I remember the first CMBS bond that I bought in 1998: it was the longest AAA tranche of a Nomura deal, which was out of favor at the time.  I did a lot of work analyzing the deal, and concluded that the bond was a lot safer than many competing bonds and offered more yield.  In early 1999, when I described this purchase to the investment committee of a charitable board the I was on, one said, “Only 7%, and you are locked in for 14 years?”  I said that stock valuations were high, and that 7% was a great return.  It was a great return, and far better than the stock market over the same time period, though I could not have known that at the time.

I became an advocate for CMBS in my firm as I realized that the hot product being offered would have the majority of its cash flows come at the 10-year maturity, but there would still be some level of withdrawals.  After some modeling, I realized that the best strategy was investing 80-85% of the money 10 years out, while leaving 15-20% of the money as pseudo-cash: 2 years out or shorter.  Of all of the mortgage bond categories, only CMBS offered assets with a ten-years or more duration, with minimal credit risk.

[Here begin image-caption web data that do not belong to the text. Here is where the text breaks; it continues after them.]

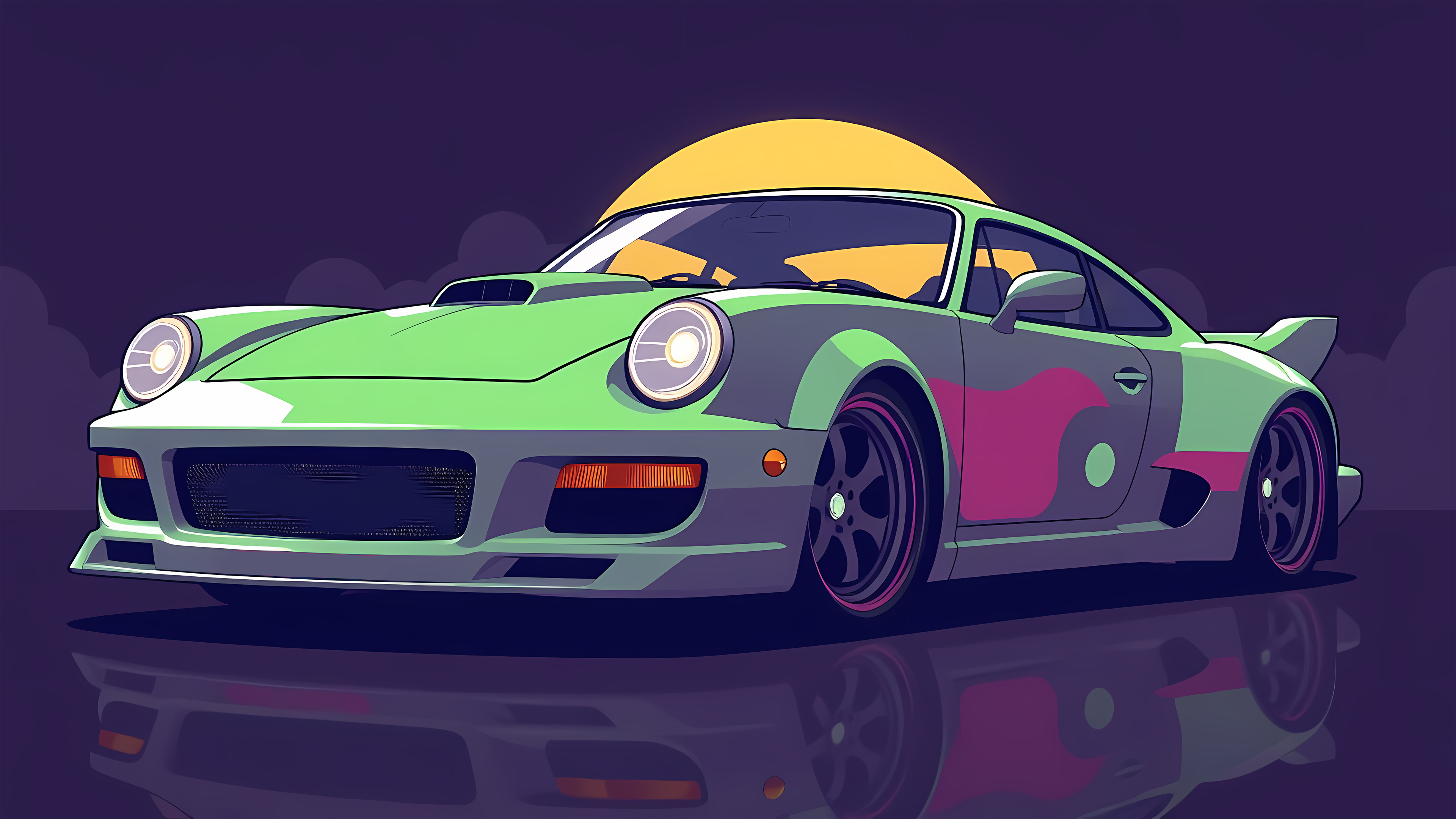 Бесплатное фото Porshe 911 (Арт Иллюстрация)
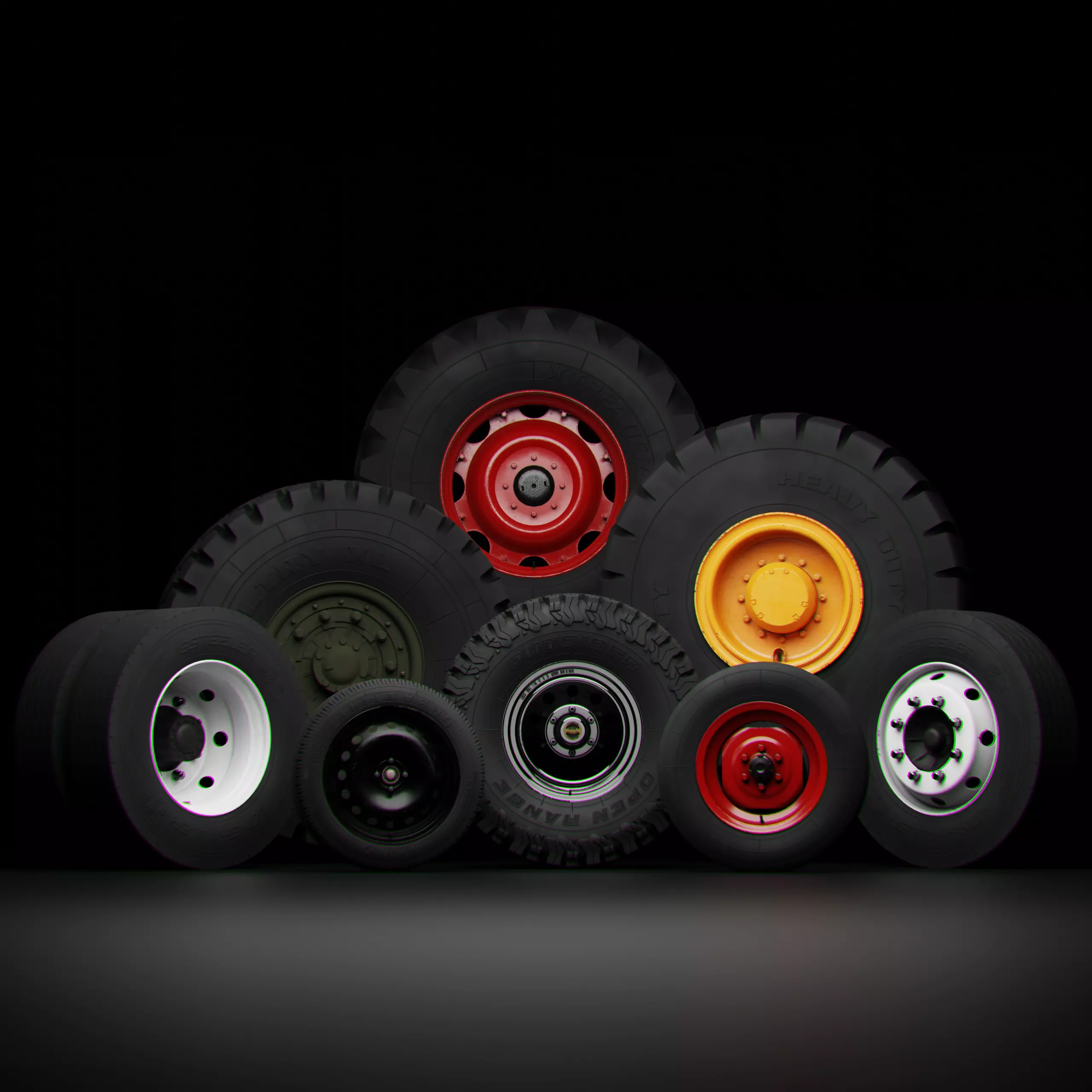 Collection of various wheels with LODs Low-poly 3D model_1
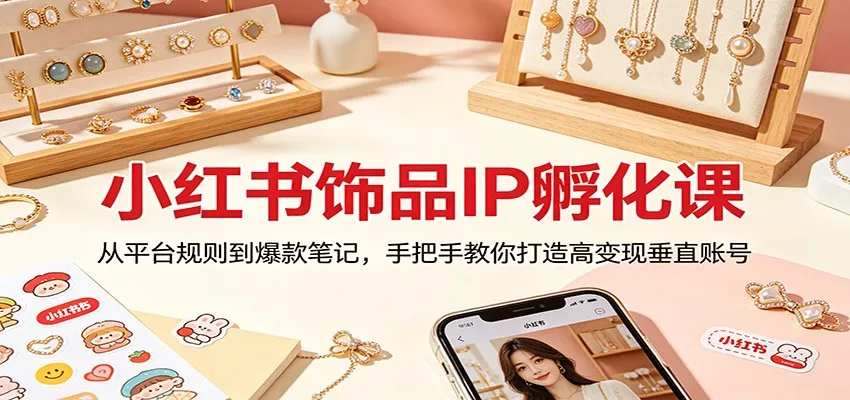 小红书饰品IP孵化课:从平台规则到爆款笔记,手把手教你打造高变现垂直账号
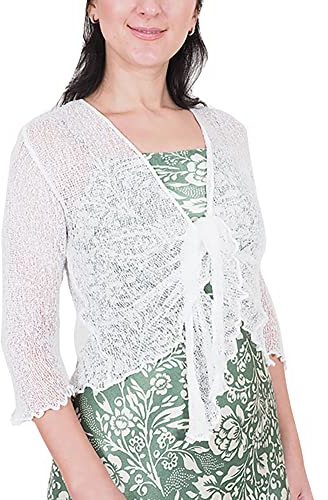 Mimosa Mesdames Femme Grande Taille Boléro au Crochet Briller en Dentelle Plaine Etendue Résille Cardigan Haussement D'épaules (Taille Unique, White)
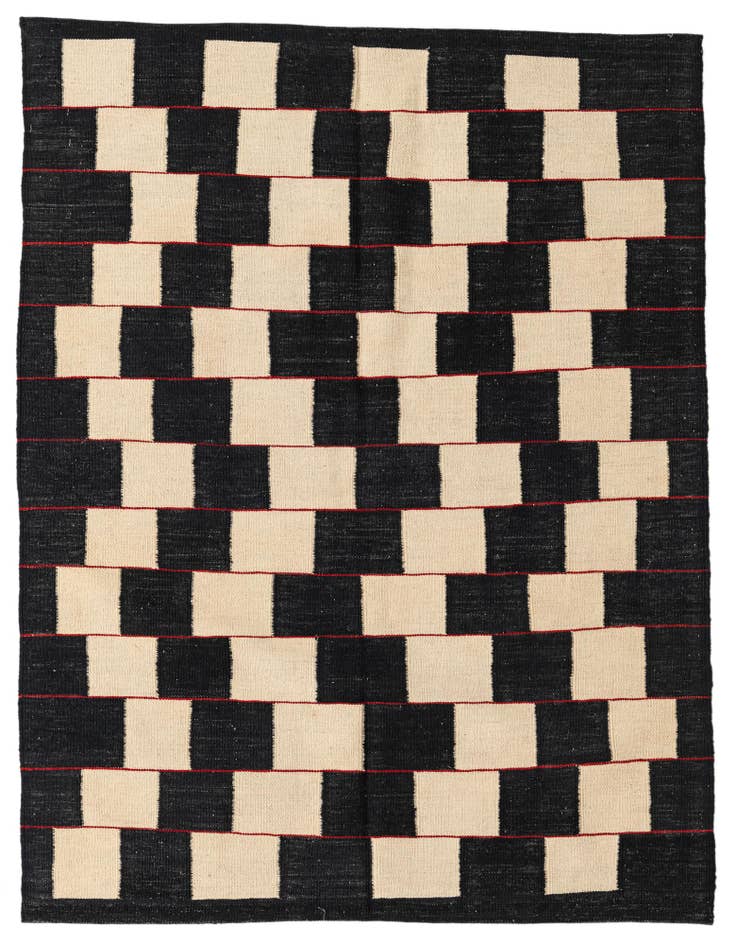 Detail image of 4' 5 x 5' 9 Hand Woven Kilim Modern Wool Rug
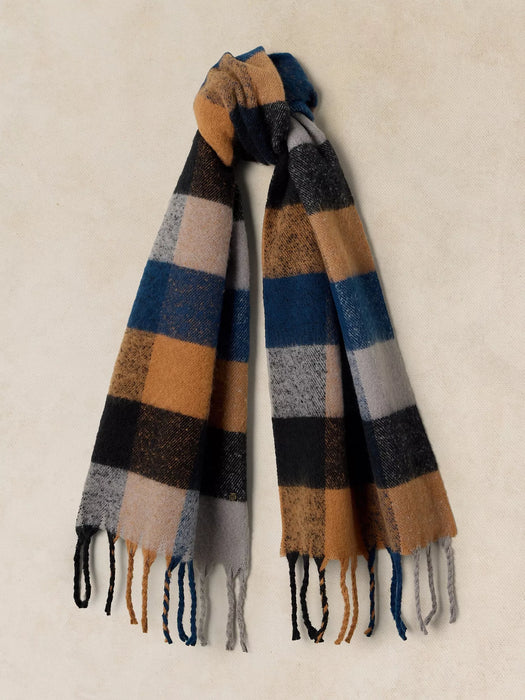 White Stuff Men's Samuel Brushed Check Scarf In Navy Multi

I used Charter/Conquest as my software.  It enabled me to set a consistent set of macroeconomic principles to evaluate a large number of properties in different economic areas.  The software would project the cash flows  of each property, given the assumptions that you fed it.

I spent time analyzing geography and property types.  I had a decent idea as to what areas of the country were doing badly, and with what property types.

I created what I called the black bucket.  Property types and geographic areas that I did not like were assigned to the black bucket, and if the  black bucket got big enough, we did not play in the deal.  It was a good method, and one CMBS expert at a bulge-bracket bank said to me that it was the most rigorous means of testing CMBS that he had run into.  Most buyers were far more trusting, and tended to buy quality issuers that were taking advantage of their reputation.

By having an independent standard of value where I worked, I did better than competitors.  I did not follow fads; I followed value to the greatest extent that I knew.

Brokers would be puzzled on why I turned down deals from good dealers, or why I bought deals from originators that were subpar.  My lesson was dig into the details, and ignore names.  Analyze the data, avoid the marketing.

Doing your own analysis is a lot of investing.  Ignore the puzzled expressions of your brokers, and buy what you have determined is valuable.  More in part 3.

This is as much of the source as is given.